* **Task to carry out**
Take the material below and extract the lines from the one with "[台南新營聚餐好停車]華味香" through the one with "Padre Fray Ronald Antívar", word for word, without pictures.

Input data Block Start

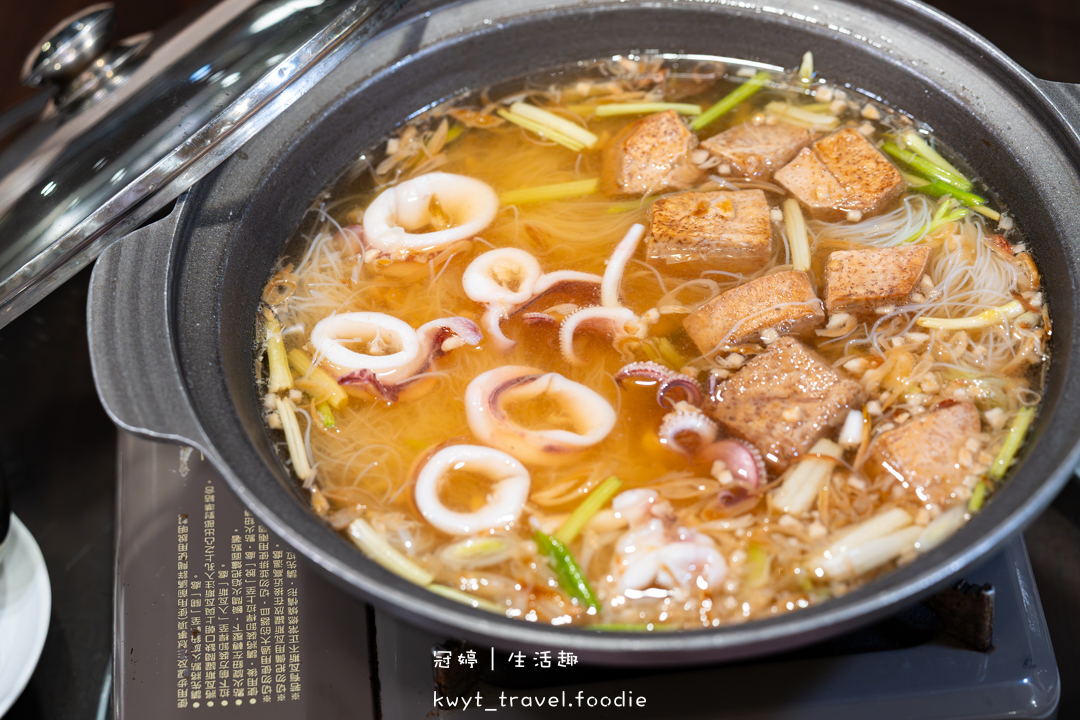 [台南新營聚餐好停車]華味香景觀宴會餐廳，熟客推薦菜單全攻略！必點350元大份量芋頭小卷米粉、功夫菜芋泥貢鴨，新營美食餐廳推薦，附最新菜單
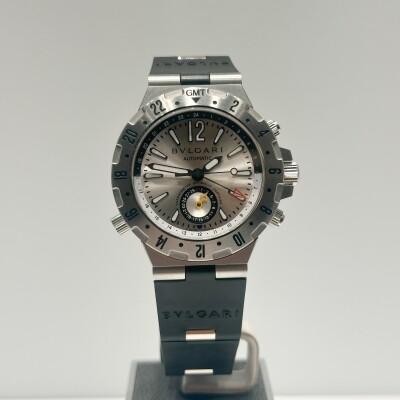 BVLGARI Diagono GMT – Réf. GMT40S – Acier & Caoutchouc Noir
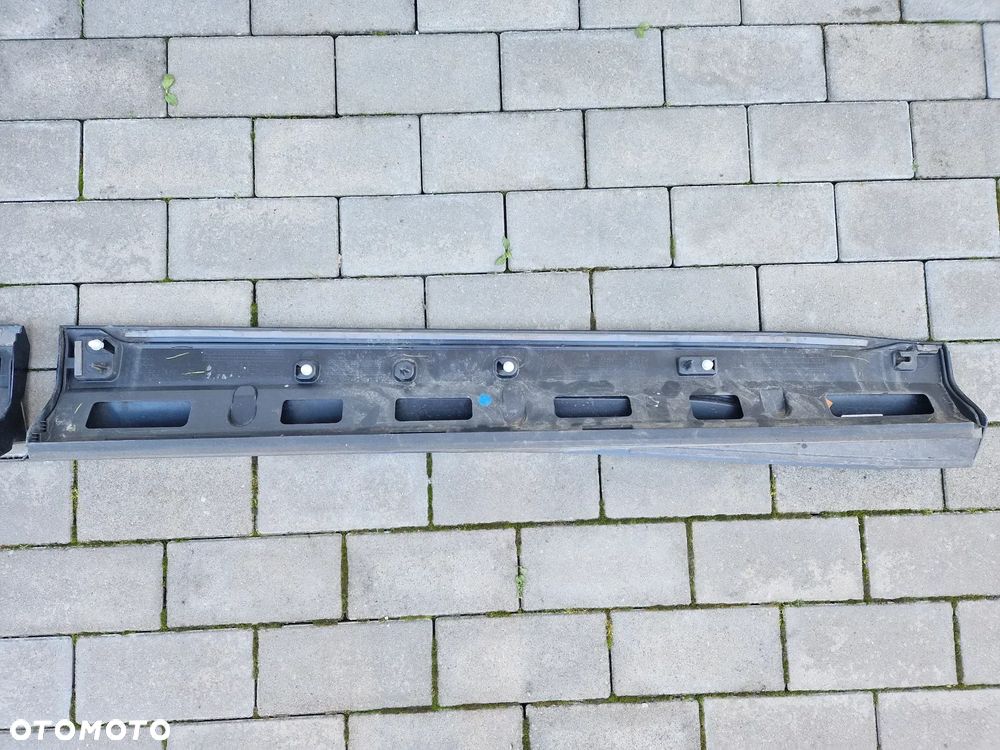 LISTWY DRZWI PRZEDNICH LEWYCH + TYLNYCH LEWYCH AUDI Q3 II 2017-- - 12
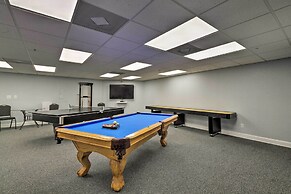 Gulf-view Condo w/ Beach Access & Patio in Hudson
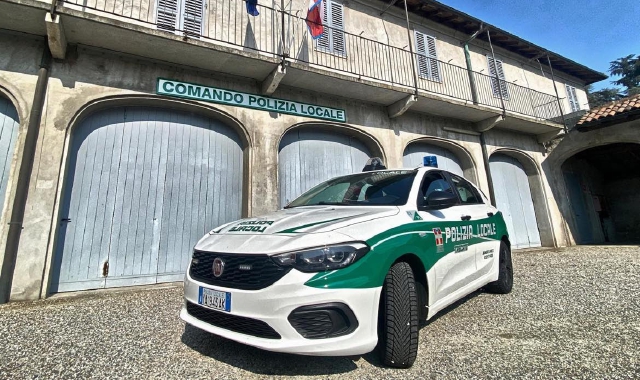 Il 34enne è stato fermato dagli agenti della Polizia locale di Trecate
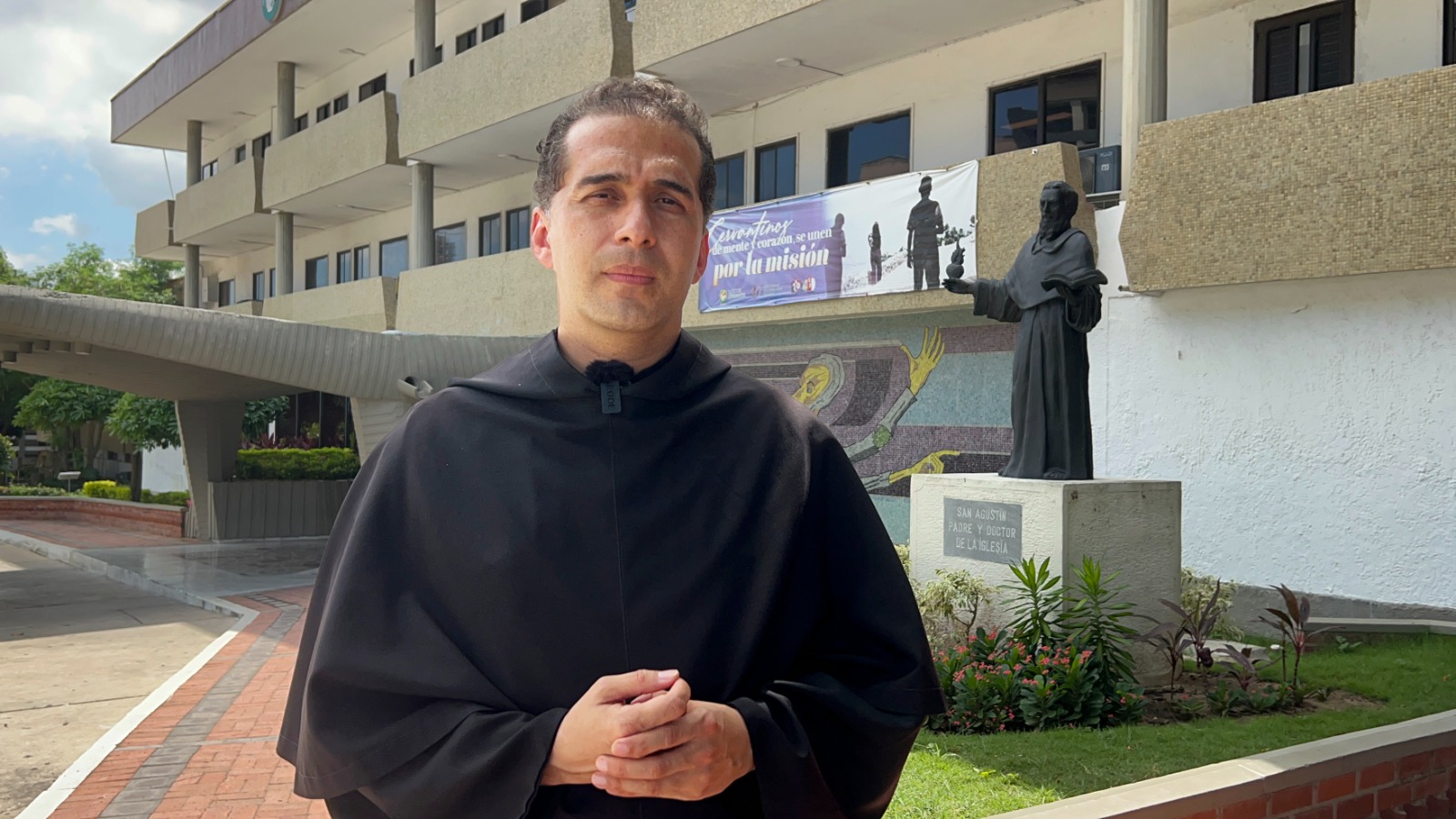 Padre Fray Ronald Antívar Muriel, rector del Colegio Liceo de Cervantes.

Input data Block End
Input data Block Start

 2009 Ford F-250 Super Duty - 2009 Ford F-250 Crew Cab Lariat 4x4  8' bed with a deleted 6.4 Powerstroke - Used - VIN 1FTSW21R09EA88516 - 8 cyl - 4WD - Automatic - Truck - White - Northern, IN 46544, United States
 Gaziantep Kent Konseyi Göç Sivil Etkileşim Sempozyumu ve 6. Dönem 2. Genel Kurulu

Input data Block End

* **Response for this exercise**
 [台南新營聚餐好停車]華味香景觀宴會餐廳，熟客推薦菜單全攻略！必點350元大份量芋頭小卷米粉、功夫菜芋泥貢鴨，新營美食餐廳推薦，附最新菜單
 BVLGARI Diagono GMT – Réf. GMT40S – Acier & Caoutchouc Noir
 LISTWY DRZWI PRZEDNICH LEWYCH + TYLNYCH LEWYCH AUDI Q3 II 2017-- - 12
 Gulf-view Condo w/ Beach Access & Patio in Hudson
 Il 34enne è stato fermato dagli agenti della Polizia locale di Trecate
 Padre Fray Ronald Antívar Muriel, rector del Colegio Liceo de Cervantes.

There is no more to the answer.